All right, I need to confess something here: my connection to this month’s Book of Note goes beyond simply reading it. I have had the great privilege of getting to know author Mary Perdue and her work since our initial conversation in 2019. I read an early draft of the manuscript so I got to know both Mary and Landaluce in a way that most readers do not get to. I realize that might make anyone reading this post say, “Well, of course, you enjoyed this and recommend it.”
While that is true, let me say that, as a lifelong reader and writer with years of experience behind me, Landaluce: the Story of Seattle Slew’s First Champion would still earn my deep respect and enthusiasm with or without that early access. This story has a heart that beats with a passion and reverence that belongs not just to the woman who wrote it, but also to those who bore witness to this story. It is that awe and veneration of this tragic filly that makes Landaluce a book that I would recommend to anyone who loves this sport, its history, and the animals at the center of it.
A Story to Experience
The filly Landaluce is a product of the first crop from Triple Crown winner Seattle Slew. Before he produced Swale, Slew o’ Gold, and A.P. Indy, the dark brown colt entered his stud career with nine horses of doubt behind him. None of the other Triple Crown winners to that point — save for perhaps Count Fleet — had been significant stallions and the prospect that Slew would reproduce himself was in doubt. Couple that with a pedigree that saw him rejected by Keeneland as a yearling up for sale and one understands why Spendthrift Farm’s investment in the champion might have appeared risky at first. Landaluce was the first of a tidal wave of horses that Slew would produce.

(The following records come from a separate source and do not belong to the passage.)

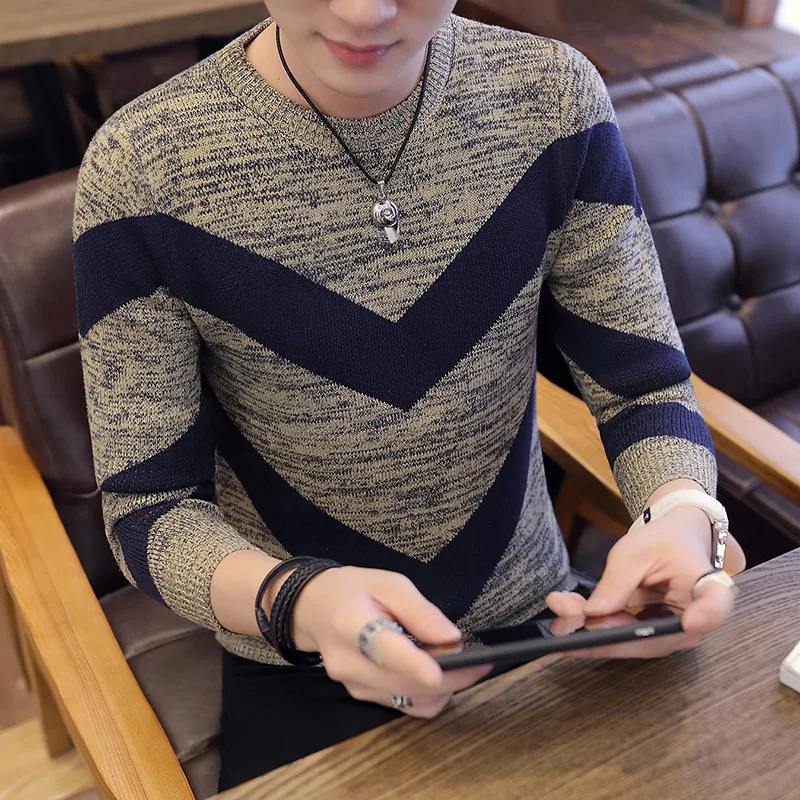 

Wintumn новый зимний мужской свитер в полоску Розовый Красный Свитер Приталенный пуловер мужская Трикотажная Одежда с круглым вырезом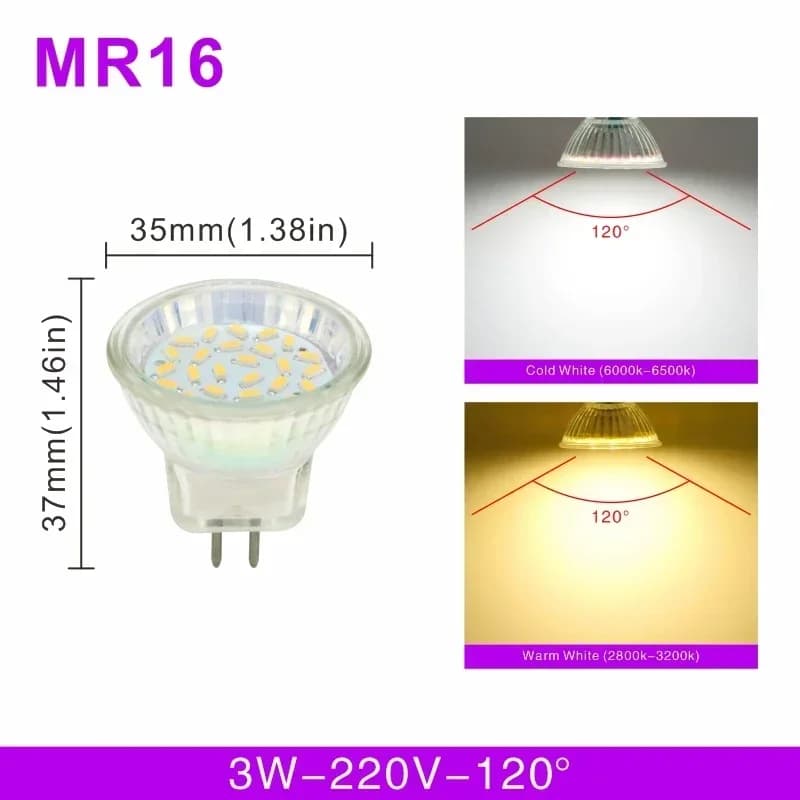 Ampoule LED 3W 5W en verre MR16 GU10 GU5.3 12V 220V, Lampe LED COB, Spot LED, Projecteur LED 24/120 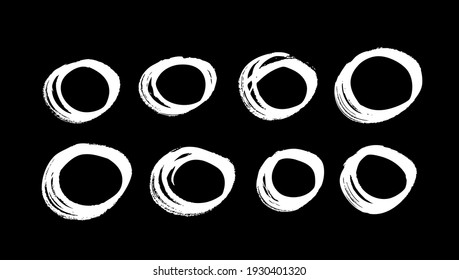 Vector art illustration grunge circle. Set of hand drawn paint object for design. Abstract brush drawing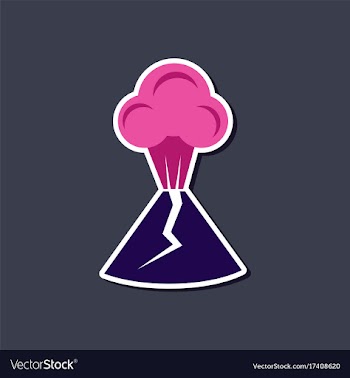 Paper sticker on stylish background of volcano vector image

If you are reading this and her name seems familiar to you, it is for good reason: she was one of D. Wayne Lukas’s earliest champions. Yet you might be grasping for why she is significant, why you are unable to place her within your own internal pantheon of horses you’ve seen race, and there may be a good reason why: she raced only five times forty years ago. Yet, yet, in that handful of races, this filly’s impact on the sport resonates beyond the brevity of her time on the racetrack.
And that is what is at the center of Perdue’s story. Though her career was brief, though her life was tragically cut short, Landaluce was beloved in a way that few horses ever are. Much like Secretariat, Man o’ War, Barbaro, Zenyatta, whatever horse occupies a perch within your soul, Landaluce resonates the same way for the lucky ones who got to watch her and follow her in 1982. At a time when ESPN was just finding its feet and fans had fewer resources for their racing news, what she did on the racetrack left an indelible mark on that moment in the sport and on Mary Perdue. How lucky for us that happened, because it enabled her to capture lightning in a bottle, turning one fan’s joy into an unforgettable story.
A Filly to Remember
You might think that writing a whole book on a horse whose career spanned only five races would put the author at a significant disadvantage, but, for a writer like Perdue, that frees her to do something most do not get to do: luxuriate in context. Rather than a breathless recounting of circumstance and pedigree, the book is able to explore the steps that brought the world Landaluce. Relationships are shared. The high-stakes decisions that go into building a successful stable, sire, or starter are laid bare for readers to understand what goes on behind the scenes. Sure, we get to know names like Lukas, Combs, and more, but beyond that, we get to appreciate all that went into building Landaluce’s legend.
This space to reflect also gives the reader more time to fall in love with the filly and to marvel at her precocious excellence. That also makes her end all the more heartbreaking. As the book draws to its inevitable conclusion, we are left with a strong sense of what might have been and a deep understanding of why Lukas never let another horse break his heart in the way that Landaluce did. In a career as accomplished as his, with multiple wins in each of the Triple Crown classics and a spot in the National Museum of Racing and Hall of Fame, for any horse to affect him that way speaks to her quality and the tremendous loss experienced by those who loved her.
Indeed, I shed a tear or two as Perdue recounts those final days and the grief that followed. Yet those tears were shed for a filly that I grew to love through Perdue’s words, one who became more and more real and tangible as the book goes on. Though we know how what happens next, readers will fall into Landaluce’s moment and relish putting themselves trackside as she races. I promise the thrills are worth the tears.
I hope you will pick up Landaluce: the Story of Seattle Slew’s First Champion and allow the bay filly with the smudge of white in the center of her lovely forehead to burrow her way into your heart too. Pick it up at your favorite bookseller or through your favorite online bookstore.